### Work required
Copy the records below line by line and word for word, from the very first line through the line with "Aerocool Edge 14", omitting each picture.

───── Data provided ─────

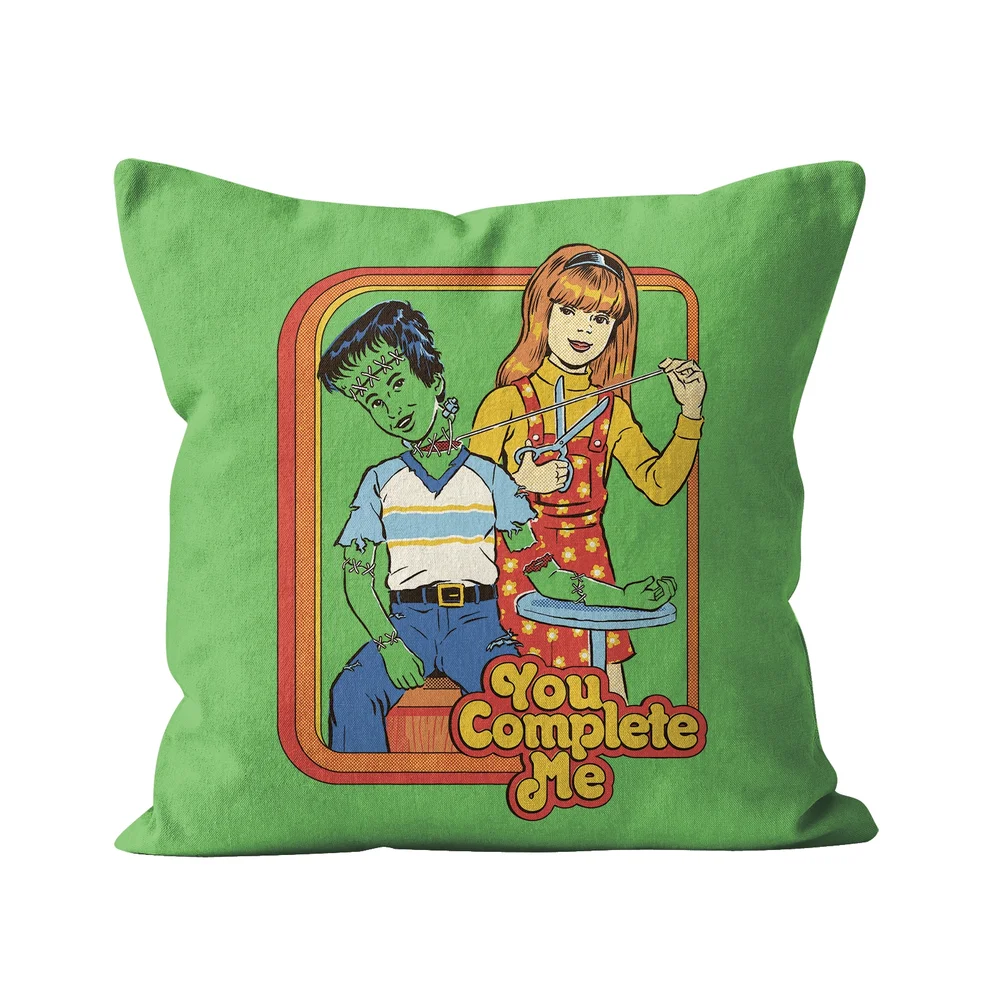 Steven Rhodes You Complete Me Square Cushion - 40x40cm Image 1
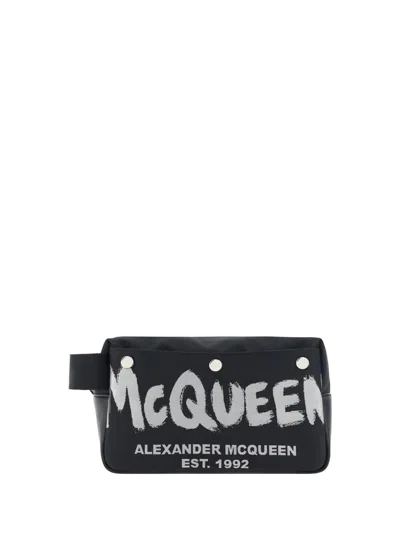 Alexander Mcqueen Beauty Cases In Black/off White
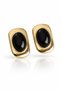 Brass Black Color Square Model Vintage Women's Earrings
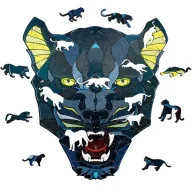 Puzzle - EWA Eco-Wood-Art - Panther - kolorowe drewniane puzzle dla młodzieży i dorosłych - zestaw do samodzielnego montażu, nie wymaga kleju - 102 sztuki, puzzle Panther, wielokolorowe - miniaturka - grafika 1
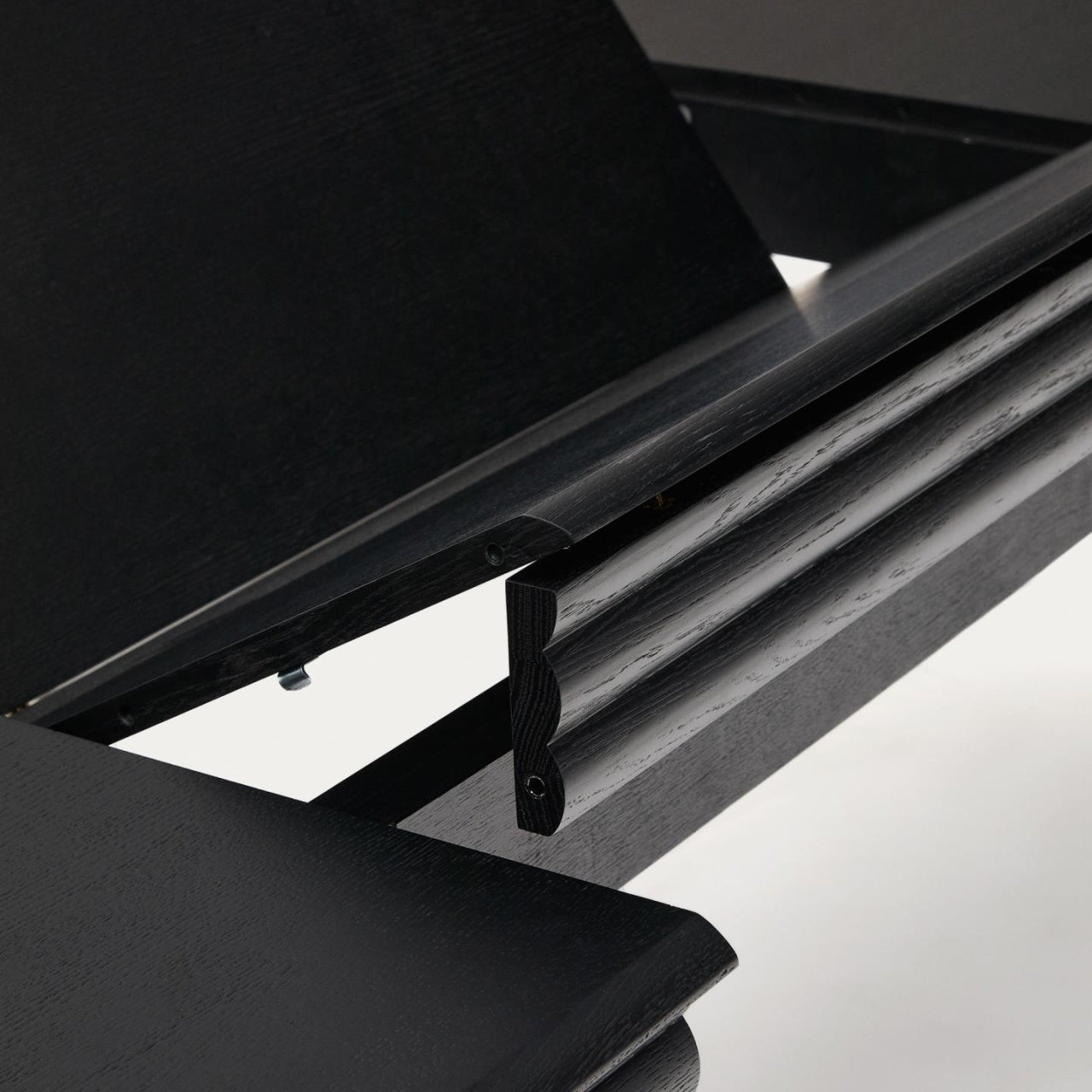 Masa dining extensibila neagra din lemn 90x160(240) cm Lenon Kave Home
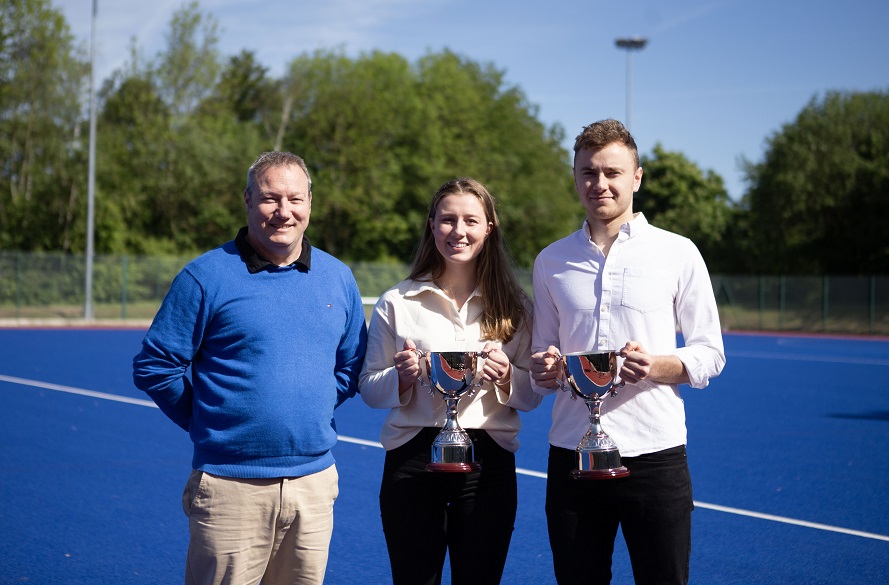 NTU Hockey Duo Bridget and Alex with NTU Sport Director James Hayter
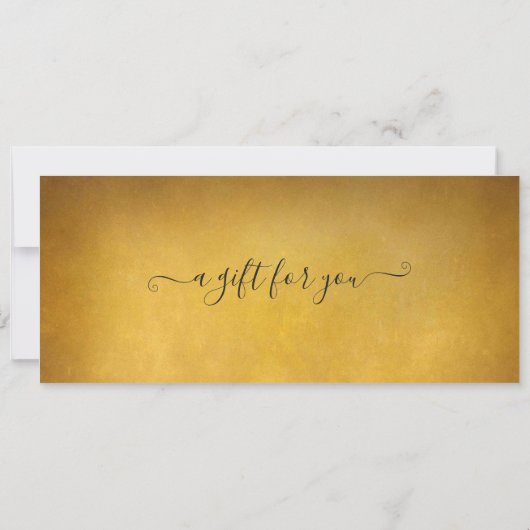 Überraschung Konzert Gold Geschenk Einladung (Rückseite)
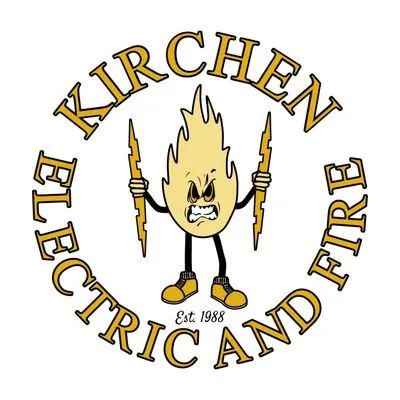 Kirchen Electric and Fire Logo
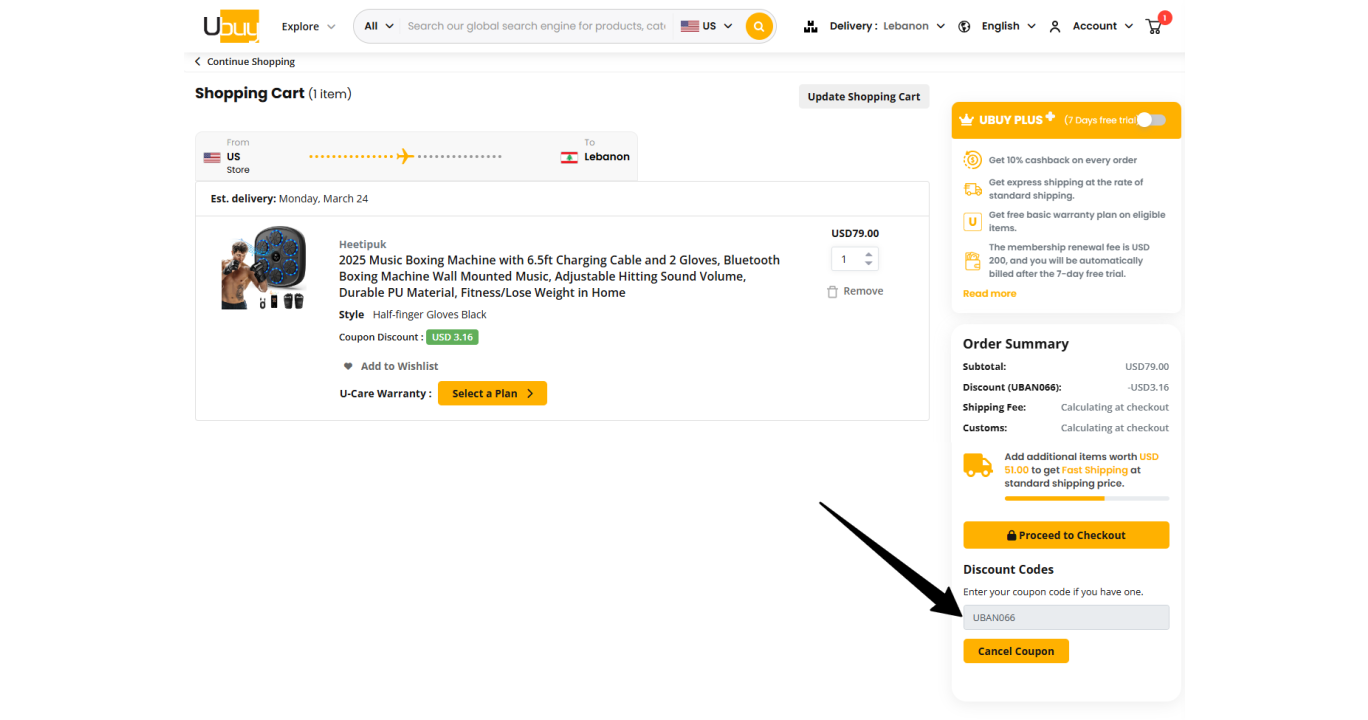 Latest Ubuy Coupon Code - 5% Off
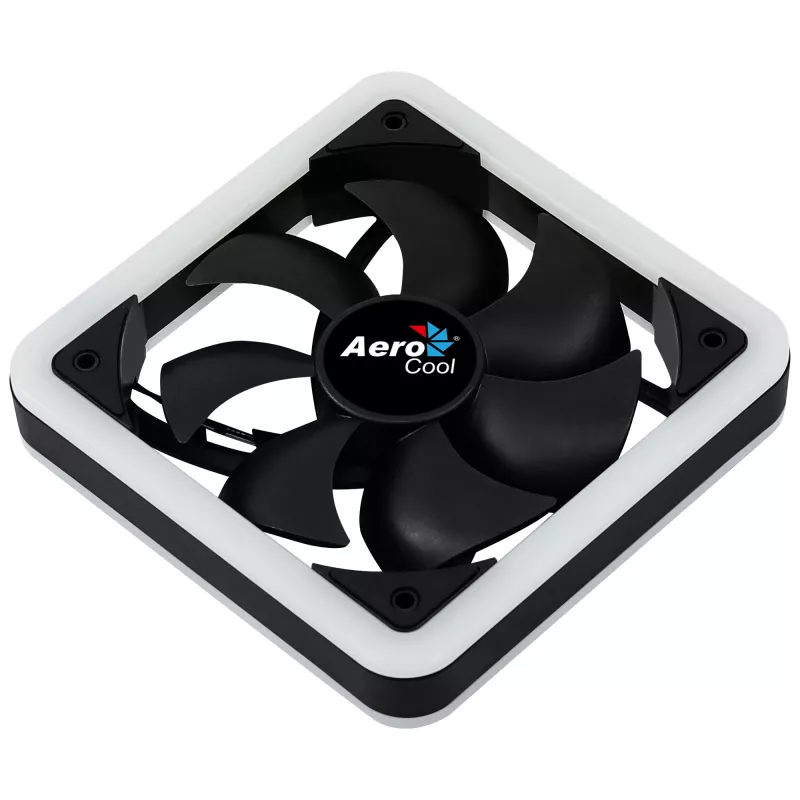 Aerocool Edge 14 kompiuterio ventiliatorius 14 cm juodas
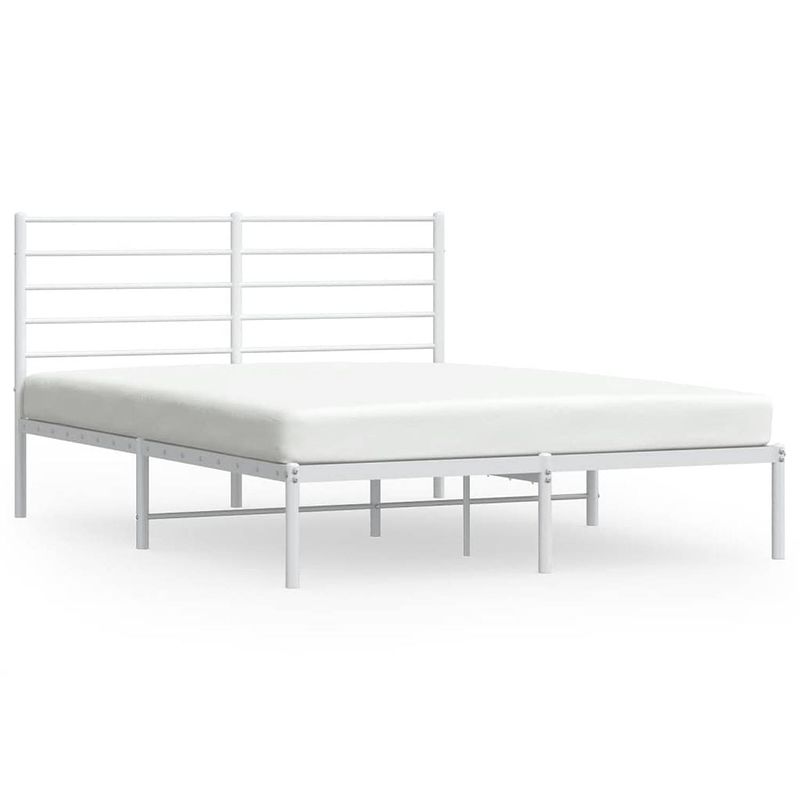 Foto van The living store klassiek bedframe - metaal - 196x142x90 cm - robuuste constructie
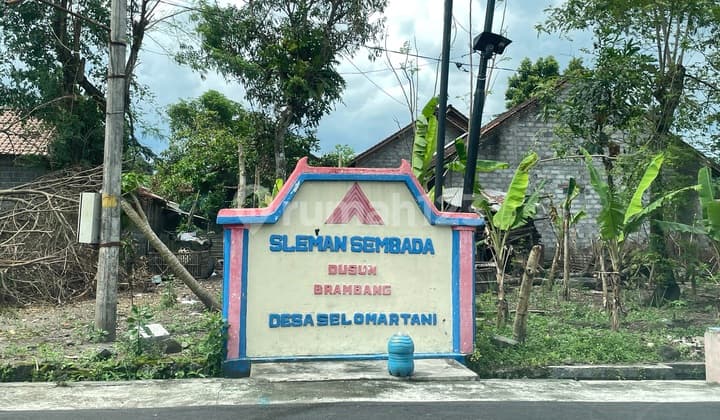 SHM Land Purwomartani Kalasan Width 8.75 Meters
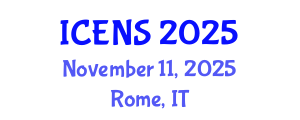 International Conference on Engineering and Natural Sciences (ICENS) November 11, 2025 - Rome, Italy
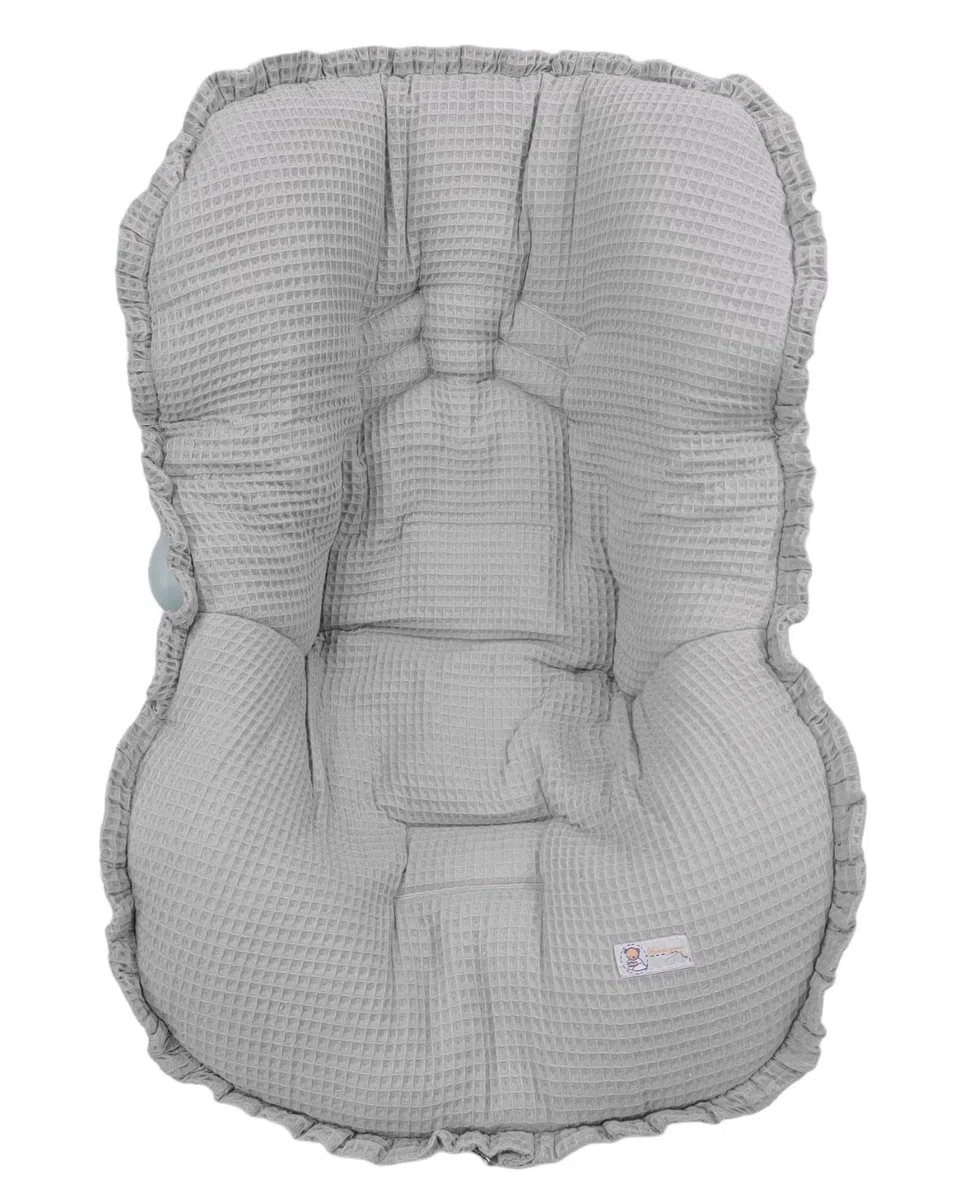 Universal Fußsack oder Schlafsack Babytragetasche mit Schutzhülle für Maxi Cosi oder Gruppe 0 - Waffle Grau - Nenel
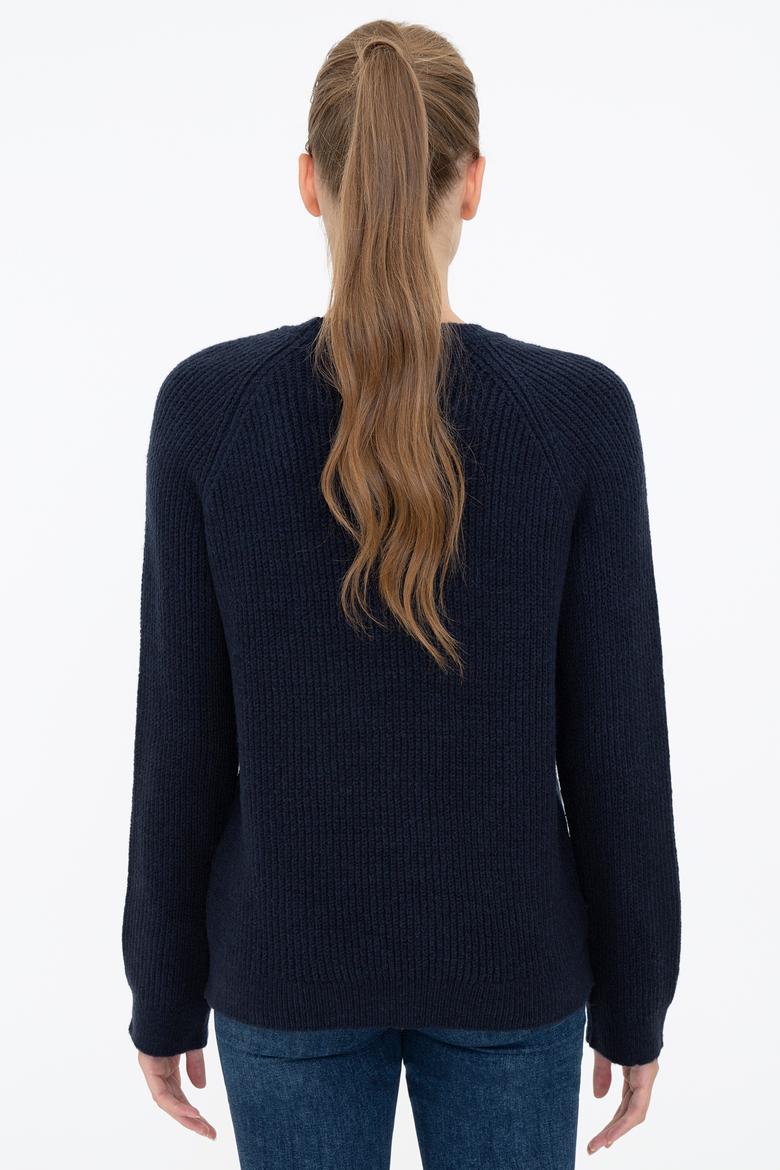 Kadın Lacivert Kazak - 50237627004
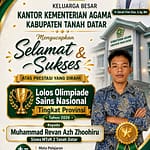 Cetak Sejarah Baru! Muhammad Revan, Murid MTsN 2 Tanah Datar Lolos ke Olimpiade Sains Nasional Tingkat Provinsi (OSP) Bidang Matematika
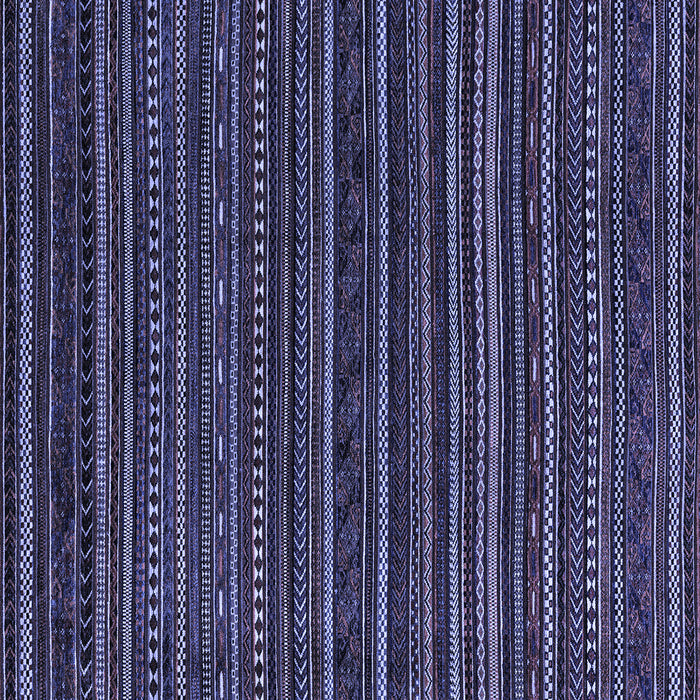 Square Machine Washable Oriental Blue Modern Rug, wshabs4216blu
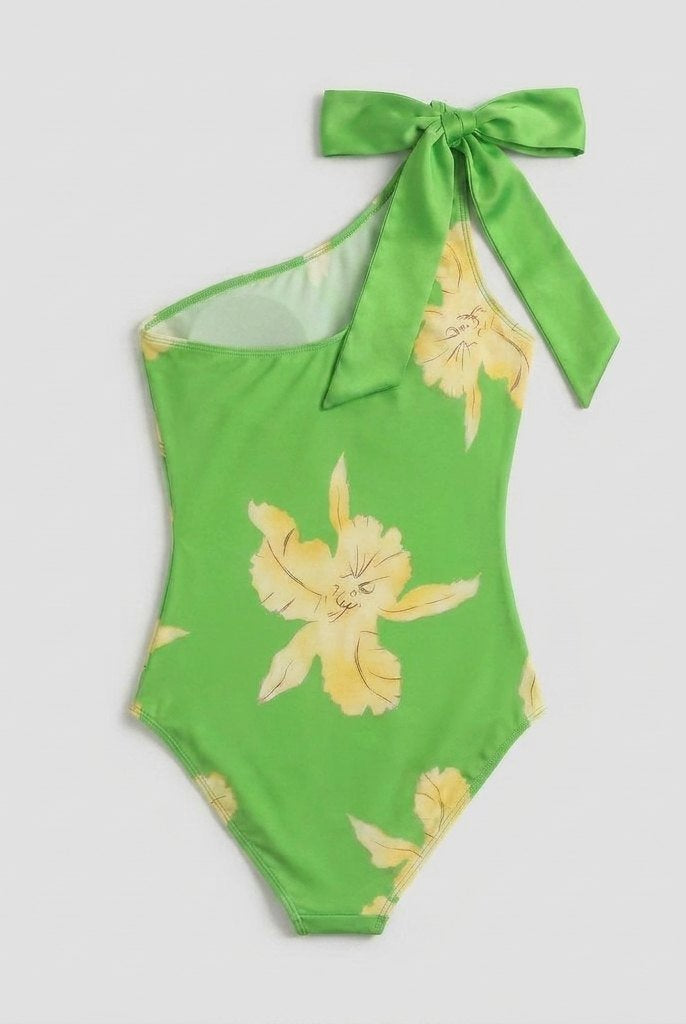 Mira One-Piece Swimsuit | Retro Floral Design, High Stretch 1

─────

### Output of the task
 Steven Rhodes You Complete Me Square Cushion - 40x40cm Image 1
 Alexander Mcqueen Beauty Cases In Black/off White
 Brass Black Color Square Model Vintage Women's Earrings
 Puzzle - EWA Eco-Wood-Art - Panther - kolorowe drewniane puzzle dla młodzieży i dorosłych - zestaw do samodzielnego montażu, nie wymaga kleju - 102 sztuki, puzzle Panther, wielokolorowe - miniaturka - grafika 1
 Masa dining extensibila neagra din lemn 90x160(240) cm Lenon Kave Home
 NTU Hockey Duo Bridget and Alex with NTU Sport Director James Hayter
 Überraschung Konzert Gold Geschenk Einladung (Rückseite)
 Kirchen Electric and Fire Logo
 Latest Ubuy Coupon Code - 5% Off
 Aerocool Edge 14 kompiuterio ventiliatorius 14 cm juodas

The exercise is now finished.